Il limite è indefinibile, la separazione pressochè improponibile. L’uno travasa nell’altra, insensibilmente e senza che si elidano a vicenda.
Non so se la Viglianisi sogni le sue opere prima di attuarle o se tramuti in forme oniriche la percezione della realtà, da cui tuttavia attinge. Ma vi è una costante che emerge e sovrasta ogni suggestione formale: una nota dolente ed appassionata, di un tono elegiaco, che investe e satura persone e cose…
Stento però a ritrovarvi la “quiete interiore” di un tempo.
É solo apparente, ormai l’artista sembra celare una concitazione, un tormento segreto e sfuggente, insopprimibile.
Queste opere con la loro tavolozza discreta, mai eclatante, come note in sordina, hanno qualcosa che turba ed affascina in una maniera suadente.

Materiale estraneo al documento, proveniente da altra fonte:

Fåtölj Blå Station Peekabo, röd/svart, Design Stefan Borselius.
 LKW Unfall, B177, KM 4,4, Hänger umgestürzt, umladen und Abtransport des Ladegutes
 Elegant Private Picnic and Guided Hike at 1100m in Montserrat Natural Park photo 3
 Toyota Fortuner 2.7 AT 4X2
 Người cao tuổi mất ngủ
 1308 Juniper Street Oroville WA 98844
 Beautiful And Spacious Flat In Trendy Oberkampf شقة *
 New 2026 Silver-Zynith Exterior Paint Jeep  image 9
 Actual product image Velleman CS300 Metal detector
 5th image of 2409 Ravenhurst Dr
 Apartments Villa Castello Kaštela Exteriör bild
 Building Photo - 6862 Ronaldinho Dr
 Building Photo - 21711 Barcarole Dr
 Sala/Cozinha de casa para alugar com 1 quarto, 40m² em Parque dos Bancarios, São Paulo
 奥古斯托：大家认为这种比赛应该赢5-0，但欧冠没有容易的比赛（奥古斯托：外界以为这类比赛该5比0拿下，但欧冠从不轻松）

Il colore è di straordinaria purezza e luminosità, con stesure perlacee modulate su variazioni molteplici di toni sommessi. Le figure sono evocate più che descritte, rasentano l’astrazione.
Passato e presente interagiscono nel reale e l’artista ne fa oggetto delle sue creazioni. Il vissuto certo e l’avvenire ignoto si fondono in un nostalgico abbandono senza certezze, con tanti interrogativi drammatici e tante denunce taciute che lei cerca di svelare con i mezzi suoi: il colore ed il segno. Perchè Dina Viglianisi non intende celare tante “arbitrarie e spietate verità”.
Una concezione creativa fortemente interiorizzata la sua, espressa con una partecipazione totale. Una visione figurativa in cui la realtà non è urlata, ma quasi avvolta da una sorta di trepido silenzio metafisico ed espressa con un linguaggio casto e poetico, di una forza evocatica struggente.